DCA to DCA Transfer of Data in Greenplum Env

Problem description:

We have two or more DCAs in our environment. Each DCA will host different databases. The databases and DCAs should be able to operate independently without having to share h/w resources but they should also be able to share data in different tables quickly as and when needed.

Inter-Data Center DCA-to-DCA transfer 

1. Data Domain Replication - Connecting Multiple DCA’s using a Data Domain to Share data

2. Bulk Flat File Unload - Using writable/readable external table to unload and load data.

3. Backup Transfer - using regular back and restore option

4. Greenplum Replication - Future implementation not yet available in GP 4.2.x

Solution:

We propose to introduce a commodity server (or a set of commodity servers) in the middle to act as quick data transfer platforms between the DCAs. Each commodity server will be connected to each DCA through a 10G switch connected to the brocade switch on the DCAs. The VLAN interface on the DCAs will be used to bond the commodity server to the 10GB backplane of the DCA. A rough diagram is shown below.

Once this is set up, the commodity server should be available to each one of the DCAs as a gpfdist server. We can then use a combination of readable and writable external tables to transfer data between tables of databases in different DCAs through Greenplum’s fast data load/unload utility.

Use Case:

We have a table T1 on Database prod1 on DCA1. We need to transfer some / all of this data to database prod2 on DCA2. The following would be the steps.

1. Locate a directory on the commodity server which is hosted on a drive with sufficient capacity to hold the data. Let us say /data/transfer is our directory.

2. Start two gpfdist instances on the commodity server like below.

gpfdist –d /data/transfer –l /data/transfer/gpfdist_writer.log –p 8050 &

gpfdist –d /data/transfer –l /data/transfer/gpfdist_reader.log –p 8051 &

3. Create a writable external table on database prod1 on DCA1 like below.

create writable external table ext_t1 (like t1)

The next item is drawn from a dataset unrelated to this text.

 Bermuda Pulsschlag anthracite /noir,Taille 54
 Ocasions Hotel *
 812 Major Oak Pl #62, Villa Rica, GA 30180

location (‘gpfdist://etl1:8050/t1.dat’)

format ‘text’;

4. Create a readable external table on database prod2 on DCA2 like below:

create external table ext_t1 (like t1) -- or supply the actual definition

location (‘gpfdist://etl1:8051/t1.dat’)

format ‘text’;

5. Dump the data from DCA1. Form prod1 on DCA1, run:

insert into ext_t1 select * from t1; -- optional where clause

6. Read the data in DCA2

insert into [SOME TABLE] select * from ext_t1; -- optional where clause

7. Drop the data file on the commodity server.

Note: It is possible to wrap all of the aforesaid steps into a single program (java/python) etc. and even possible to expose them as stored procedures on either database.

Reflections:

It is possible to use a Data Domain server in the middle as opposed to a commodity Linux server. The following considerations apply:

1. The DD server is likely to have more available space to transfer entire databases.

2. The DD server only works with backups / restores, so it would offer much less programmatic flexibility than external tables would need DBA involvement as backup / restores are typically a DBA’s privilege would cause extensive locks on the tables during backup which will impede other operations against the table being copied.

3. Cost consideration?

4. Multiple commodity servers (each with one or more 10GB NICs) can be used. Not sure if multiple data domains would work.

5. The commodity servers, thus connected in a shared manner, will form a common platform for ETL and other processes that can serve multiple DCA’s simultaneously. For example one server with one Informatica license would be able to load data to multiple DCAs.

Pros:

Multiple commodity servers can be used. The commodity servers, thus connected in a shared manner, will form a common platform for ETL and other processes that can serve multiple DCA’s simultaneously (e.g. one server with one Informatica license would be able to load data to multiple DCAs). Each DCA controls the traffic within its own environment. The sharing is only for loading/unloading.

Cons:

Assumes the DCAs are in the same data center and near each other.